When I started working at 1UP, my real ambition was to move into print — hopefully even to convince the company to launch a quarterly retro gaming publication. (From what I’ve heard, the higher-ups were actually looking into the possibility for a while, before everything came crashing down.) And I still harbor a hope of somehow finding a way to make it work in some capacity, even if I have to keep printing my own damn books and losing my shirt every time. But maybe, just maybe, as gaming and its audience matures, we’ll see a call for the video game equivalent of McSweeny’s Quarterly. Here’s hoping.

44 thoughts on “America has failed me

  1. I love the little joyful “Old!” in the corner of the Retrogamer issue.

    Man, I so would have subscribed to Retronauts the magazine!
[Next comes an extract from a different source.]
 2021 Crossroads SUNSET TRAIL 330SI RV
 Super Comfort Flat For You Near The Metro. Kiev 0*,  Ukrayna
  2. The magazine selection is depressing, but that’s nothing compared to the shameful “Games” section at any old bookstore. It maddened me that you could find stacks of books on the most inane of subjects and the Games section only seemed interested in telling you where to find all the dalamatians in Kingdom Hearts. At the time I was working at Borders five years ago, as far as “real” video game books, we only ever stocked Stephen Kent’s history book and one other coffee table book whose name escapes me. I don’t even think they stocked Kohler’s book for long. These were all excellent. Do these books really not sell? I figured maybe the audience was always too tech savvy that they could find what they wanted on the internet for free anyway, or otherwise just aren’t that interested.

  3. Also, I doubt retro gamer relies much on gaming news in an attempt to gather sales. No internet site is going to go public with a scoop on a new game announcement from a retro gaming magazine before that hits publication. It fills a niche for which there are very few to no professional gamesites.
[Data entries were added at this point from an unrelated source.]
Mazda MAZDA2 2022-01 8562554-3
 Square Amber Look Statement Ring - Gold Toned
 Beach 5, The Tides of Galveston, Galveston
  4. You guys had nobody to blame but yourselves. And by “you,” I don’t really mean the 1UP crew but the whole industry.

    Pack-in discs to justify a $12 price tag.
    Shrinkwrap bags to justify the pack-in discs and discourage looking inside before you buy.
    A reputation among the whole industry that you’re less there for critical thinking and more there to cheerlead. EGM’s most recent people weren’t, as the blacklists will attest to, but in the 90s they rode the line pretty close and so did everybody else.
    An RIAA-sized misunderstanding of technology when it comes to in-print exclusives and people owning scanners now.

    I think in the age of iPhones and Kindles the dead-tree thing is slowly over, but comic books seem to be one foot in the grave already with the “only sold in niche boutique stores” angle, yet despite the higher prices ($3.99 is becoming the new $2.99) and the number of guys at the store who practically stand in the store reading the book cover to cover, enough people are still buying them that they’re still being printed and game magazines aren’t.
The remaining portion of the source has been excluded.